+++ Data extract

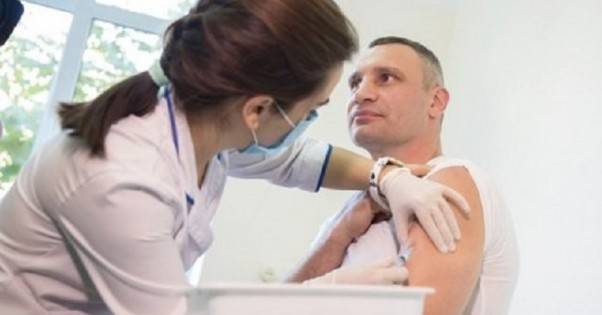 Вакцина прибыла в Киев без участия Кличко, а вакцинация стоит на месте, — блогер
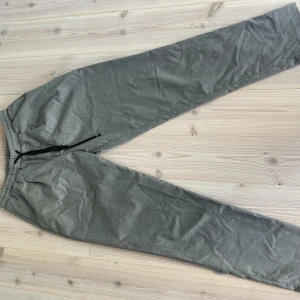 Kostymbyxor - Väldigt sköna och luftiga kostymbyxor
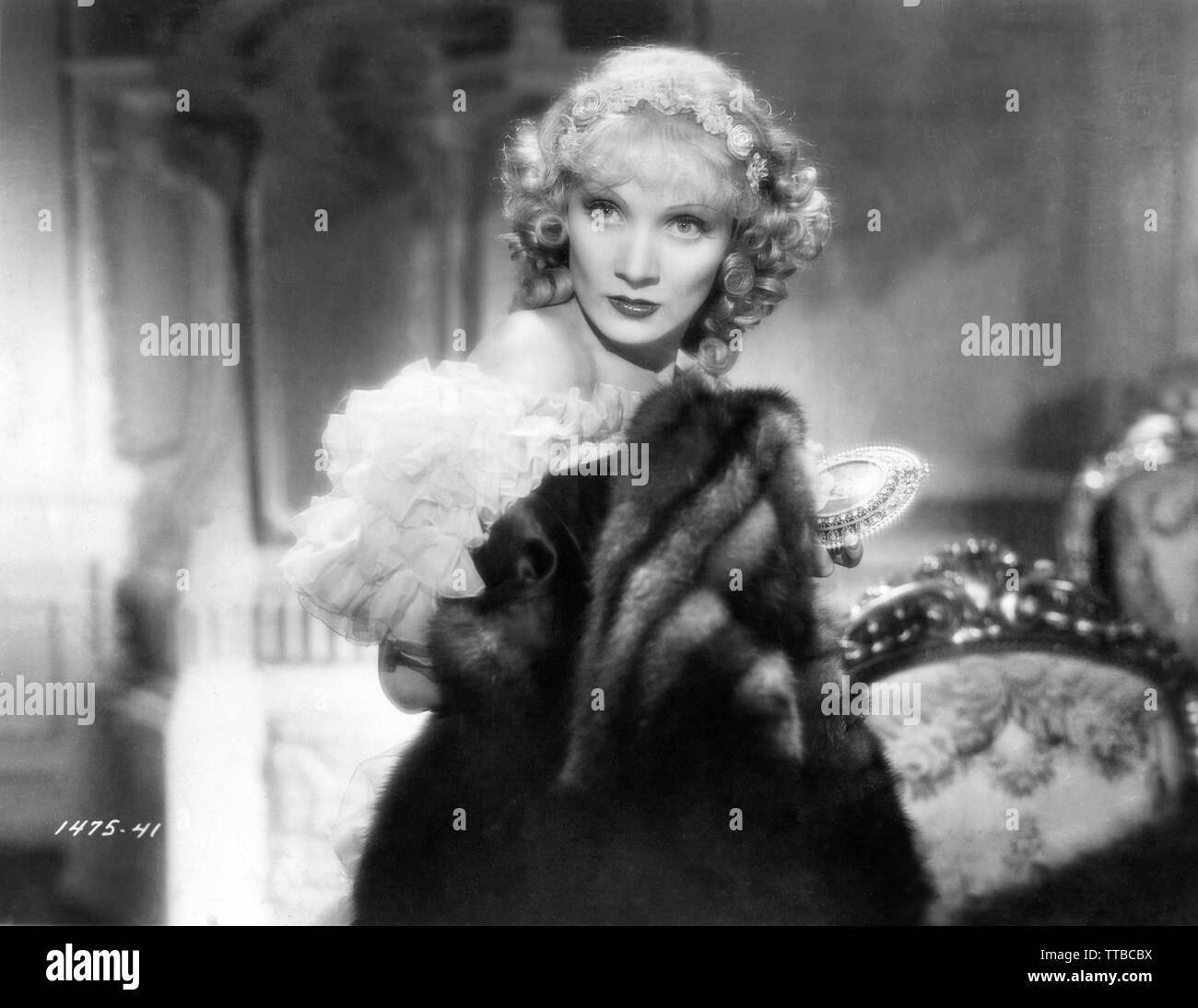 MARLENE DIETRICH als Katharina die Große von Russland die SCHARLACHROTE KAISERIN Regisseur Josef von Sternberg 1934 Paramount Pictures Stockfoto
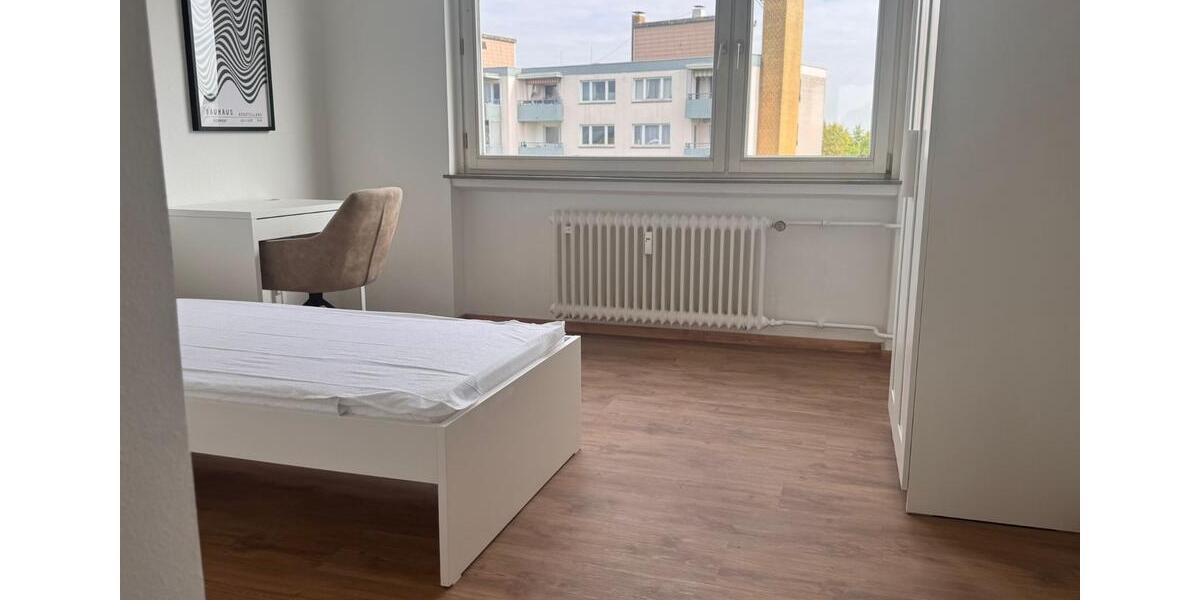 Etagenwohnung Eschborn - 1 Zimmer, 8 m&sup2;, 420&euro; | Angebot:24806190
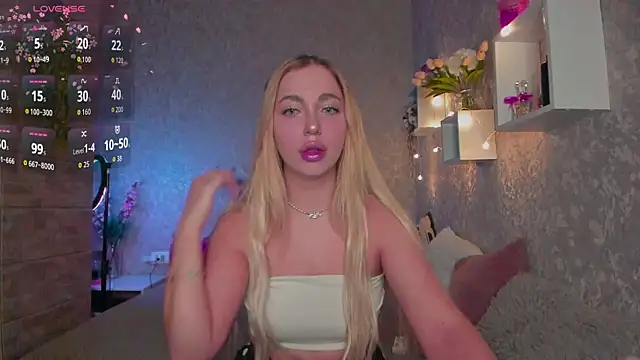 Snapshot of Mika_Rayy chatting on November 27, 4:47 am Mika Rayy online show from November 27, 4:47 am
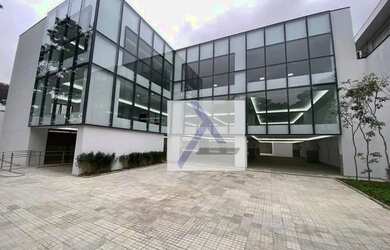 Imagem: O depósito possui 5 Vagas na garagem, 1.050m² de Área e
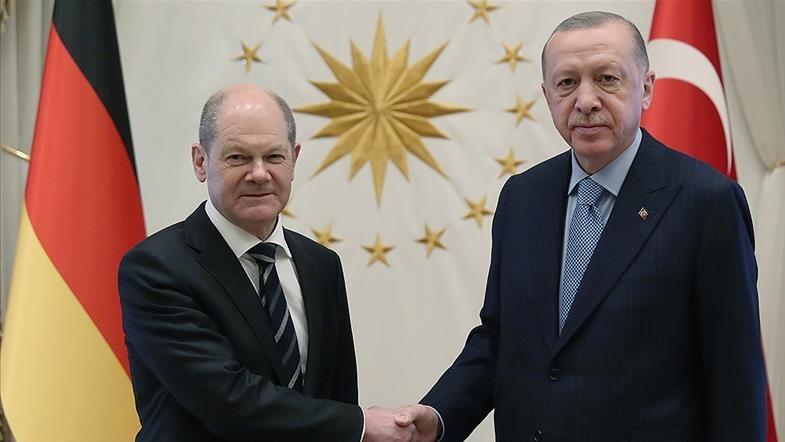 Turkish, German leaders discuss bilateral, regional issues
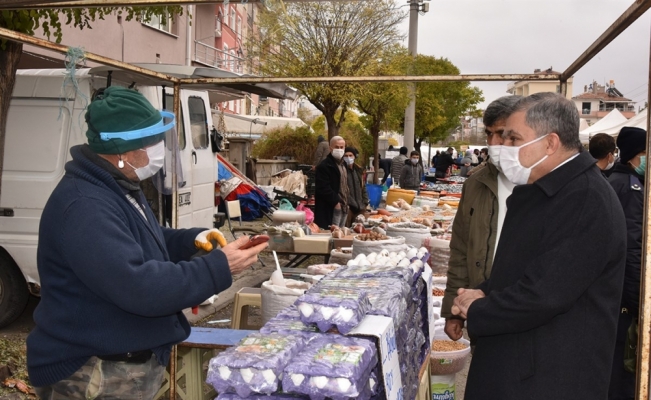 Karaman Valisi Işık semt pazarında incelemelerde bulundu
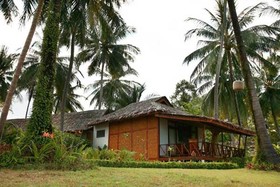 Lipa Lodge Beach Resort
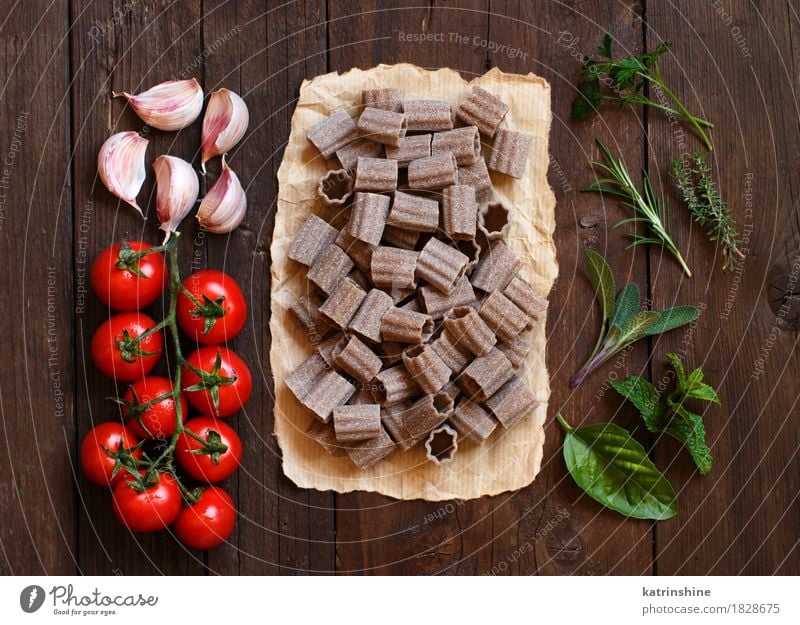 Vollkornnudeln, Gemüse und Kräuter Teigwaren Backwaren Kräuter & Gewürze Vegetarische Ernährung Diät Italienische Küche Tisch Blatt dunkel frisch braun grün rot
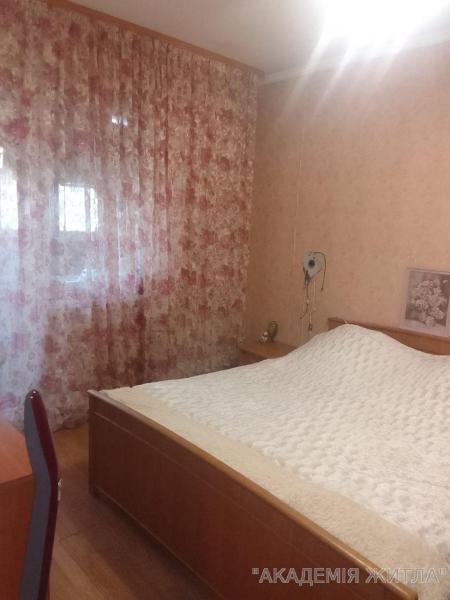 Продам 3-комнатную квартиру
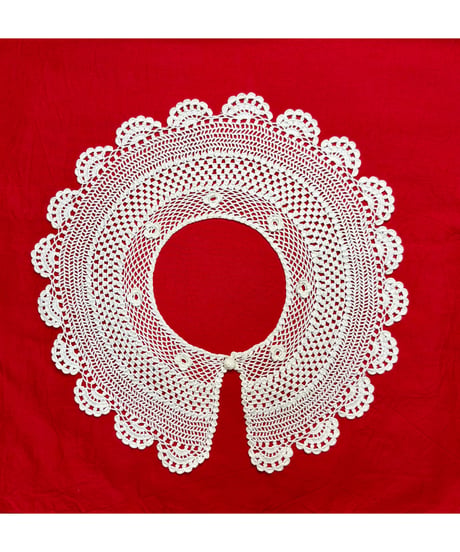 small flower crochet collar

++++++

**What you should do:** Above are the records; copy exactly the lines from the one with "MARLENE DIETRICH als" through the one with "Imagem: O depósito", including both, and nothing more. Leave out pictures.

**Solution for this exercise:**
 MARLENE DIETRICH als Katharina die Große von Russland die SCHARLACHROTE KAISERIN Regisseur Josef von Sternberg 1934 Paramount Pictures Stockfoto
 Etagenwohnung Eschborn - 1 Zimmer, 8 m&sup2;, 420&euro; | Angebot:24806190
 Snapshot of Mika_Rayy chatting on November 27, 4:47 am Mika Rayy online show from November 27, 4:47 am
 Imagem: O depósito possui 5 Vagas na garagem, 1.050m² de Área e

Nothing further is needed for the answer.